On June 9, 2019, “Traditional Forms of Land Property Rights and Theoretical Revelations: TSU-PKU-NKU-CASS Economic History Salon” was held at Xinzhai 353, Tsinghua University. Present were over 40 scholars from four organizers and universities such as Sun Yat-sen University, Renmin University of China, Wuhan University, Beijing Technology and Business University and Nanjing Audit University.

Prof. Li Bozhong addresses the opening speech

Li Bozhong, Chair Professor of Humanities at Peking University, gave the opening address. According to the review by Prof. Li, the salon was launched in 2008 to facilitate interdisciplinary exchanges. Chinese scholars in economic history are expected to promote multi-multiple participation, deep exchanges and confrontation of ideas and views. The salon also aims at making an inventory of what we have achieved, or giving play to the role of economic history. Douglass C. North once said, “History is always important. It is not only because history gives us experience, but also because the present and the future are connected to the past through the continuity of the social institution. Choices made today and tomorrow are determined by the past.” Marx and Engels also said, “Productive forces are the product of man’s practice ability, but the ability itself depends on the conditions under which man live, on acquired productive forces and on the social form that already existed before them and created not by them。

but by their former generations.” Therefore, it is important to have a full understand of what we have accomplished. Today, we will discuss traditional forms of land property rights. The land property right system underlies the agricultural economic system, so this issue is a major subject facing not only historians, but also economists and political scientists.

Scene of the Salon

The first session was chaired by Prof. Zhou Jianbo, School of Economics, Peking University, and Xu Weiguo, Research Fellow, Institute of Economics, Chinese Academy of Social Sciences

The session began with a speech titled “Forms of Land Property Rights: an explanation based on China’s traditional land ownership” given by Prof. Long Denggao, Institute of Economics, Tsinghua University. Prof. Long argues that traditional forms of China’s land ownership are more adequate and diversified than contemporary ones, with room for theoretical extension. The following aspects can be taken into account: 1) with regard to forms of ownership, there are private and corporate property rights and state-owned land. Corporate property rights are often ignored and mostly seen in grassroots public goods and public services. 2) With regard to levels of land rights, there are ownership, the right of possession and the right of use, of which the right of possession represented by pawning right and permanent tenancy right has unique significance. 3) Land property rights can be traded by means of permanent selling, flexible selling, mortgage, pawn and tenancy, of which tenancy consists of foregift, permanent tenancy, fixed-rent tenancy and share tenancy, among others. The land property right system endows micro subjects with independence and autonomy and is replicable and reproducible, thus constantly enhancing essential characteristics of the traditional economy. This unique and content-rich land property right system becomes the cornerstone and pivot of China’s traditional economic society and the source of academic and theoretical innovations.

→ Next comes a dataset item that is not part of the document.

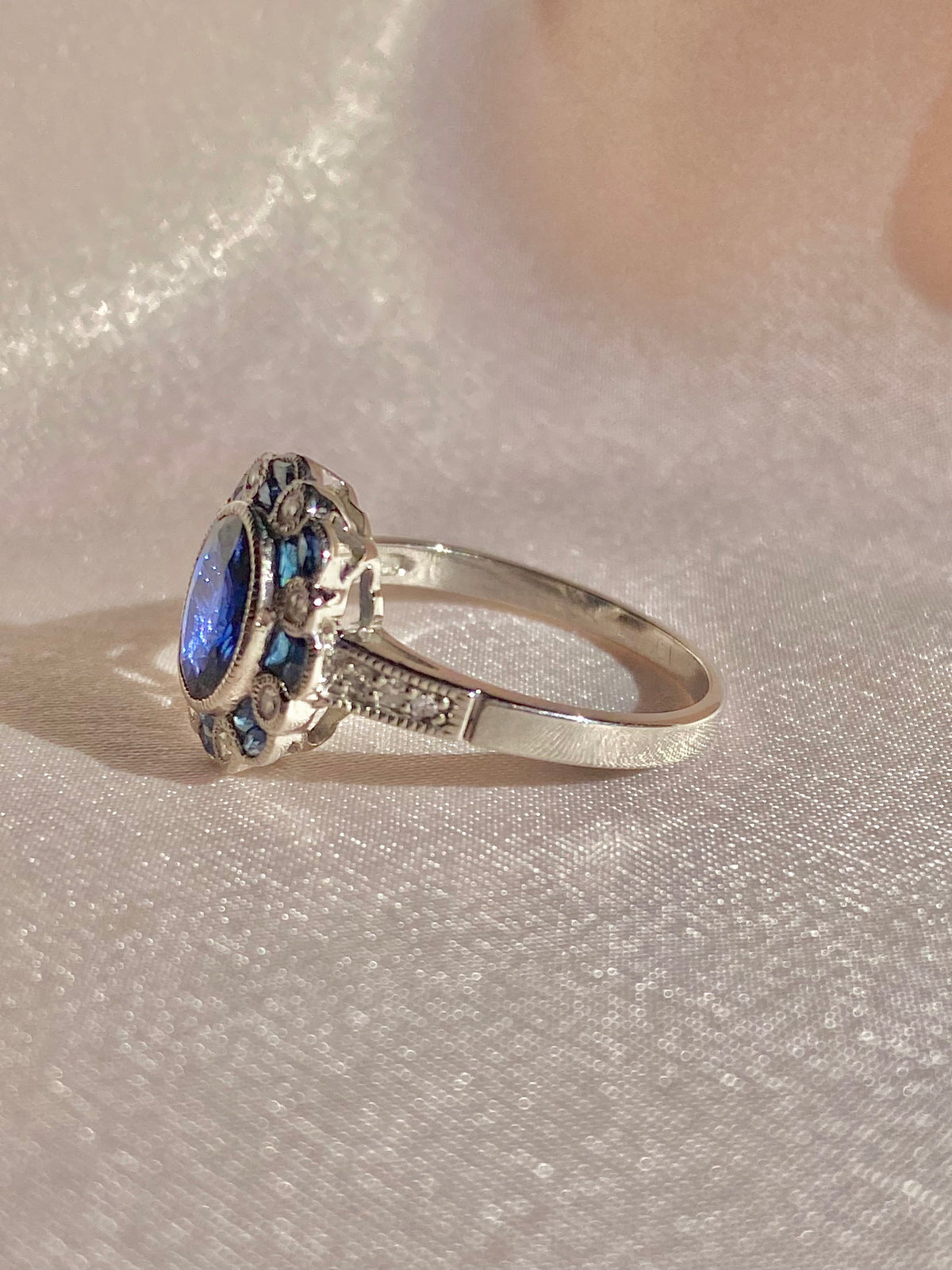 Antique Platinum Sapphire French Cut Diamond Cluster Ring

Later, Prof. Meng Chang, School of Economics, Beijing Technology and Business University, started with The Evolution of Traditional Institutions of Land Property Rights in China, a new book of Prof. Long Denggao, and discussed “the ‘spirit of contract’, as a rule of the evolution, in traditional transactions of China’s land property rights”. Prof. Meng mentioned that traditional China was a “contractual” society, but was there the “spirit of contract” in Chinese culture or among the Chinese or can the “contracts”, as rules, be self-enforced without the third power? A popular argument is that the Chinese have no or lack the spirit of contract. Based on an analysis of data on land property rights trading in the Chinese history and theoretical demonstration, Prof. Long Denggao et al. suggest that in traditional rural autonomous societies in China, not only had mature contract systems established and the endogeneity evolved, but contracts were enforceable and reliable; in other words, the Chinese had long had the “spirit” of contract, but such spirit was destructed in the rationalism-based social revolutions and reform movements. New results of the research on economic history are self-consistent from the perspective of both economic theories on creation and evolution of institutions (rules) and principles of the natural law. Finally, Prof. Meng raised a new question: can the spirit of contract in traditional China return? And can the spirit of contract among the traditional Chinese gain new vitality of market-oriented and internationalized economic development through “creative self-transformation”?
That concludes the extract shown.